In case of hospitals which don’t have multiple doctors to consult, Nizak sees AI filling the gap with its expertise and allowing doctors to make more confident decisions.
Nizak has no doubts that the introduction of AI “improves the accuracy and also benefits the patient and patient outcome.”
Can AI replace human doctors? Nizak is quick to admit that AI is not 100 per cent accurate.
He draws a parallel between medical AI and generative AI, where a tool like ChatGPT seems incredibly intelligent at times but also fails to answer simple questions.
With StrokeViewer and Nicolab AI, Nizak says AI is only analysing the images but only the doctor has complete patient history, allowing them to contextualise better.
It is remarkable how Nicolab has found use of AI in not only training patient data but also helping doctors draw better inferences for treatment.
However, the more remarkable fact is that Nicolab has achieved all this with A$13M in funding and around €2.2M in grants from the European Innovation Council.
The Amsterdam-based startup with strong roots in Australia has grown from 12 to 50 people since 2019 and has expanded to the US.
Technology to treat other acute diseases
While Nicolab is mainly focused on helping doctors treat stroke patients faster and in an efficient way, it is also looking to expand to other acute diseases.
Nizak says the infrastructure designed by Nicolab can be used by any medical device or medical imaging setup.
He says they are looking at areas where their technology can be used to speed up the workflow across hospitals and their networks.

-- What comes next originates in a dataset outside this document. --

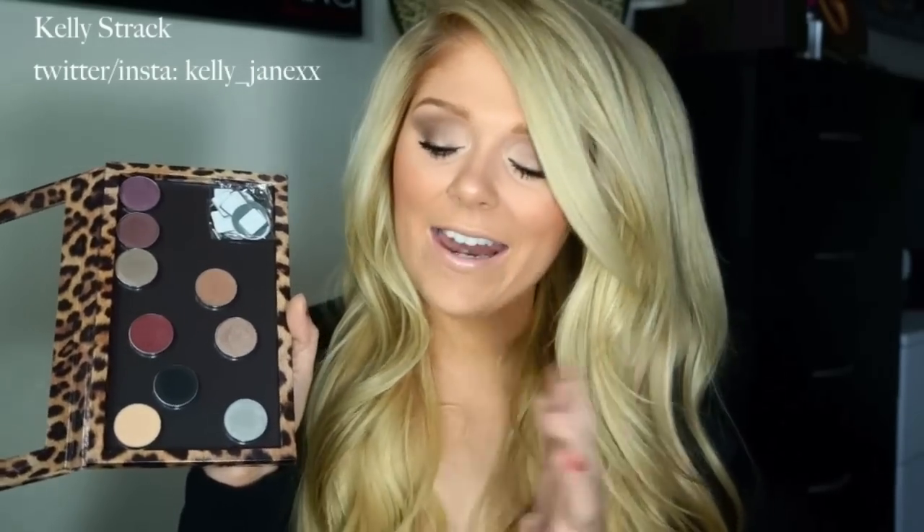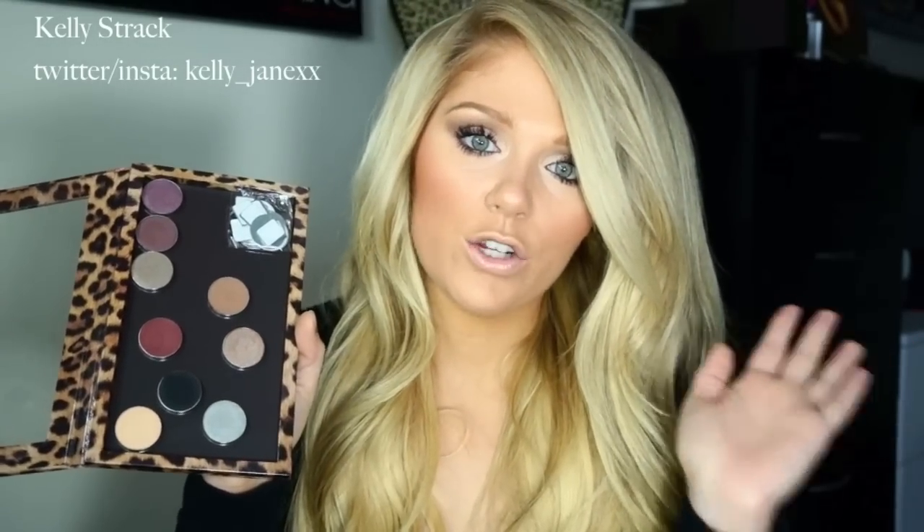Makeup Geek eyeshadows are another one of my favorites this month. I did a haul and swatches video which I'll link below. These eyeshadows are absolutely amazing — I literally will not be buying eyeshadows from MAC for a long time. I love MAC products and their eyeshadows, but these are just as good pigmentation-wise, and they're so much less expensive. Each eyeshadow is about five dollars or less, you get a bigger pan size, the quality is just as good as MAC's, they're super pigmented, and they last all day.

“For acute diseases where time is critical, every minute saved dramatically improves the patient’s outcomes,” he reiterates.
He further adds that Nicolab is looking into leveraging its software and platform in other disease areas including treatment of heart attack, abdominal traumas, abdominal aneurysm or ruptures.
The startup is currently piloting expanded usage of its software platform with a hospital in Belgium.
Nicolab’s software and AI technology is designed to benefit any healthcare system where the treatment is dependent on image exchange and there are bottlenecks in collaboration or communication.
The startup is primarily operating in developed countries because of access to cloud technologies and robust mechanism for licensing medical software but it doesn’t rule out offering its service to developing countries.
“Our aim is really to remove bottlenecks in collaboration within and across hospitals,” says Nizak, adding, “that can be translated also outside developing countries.”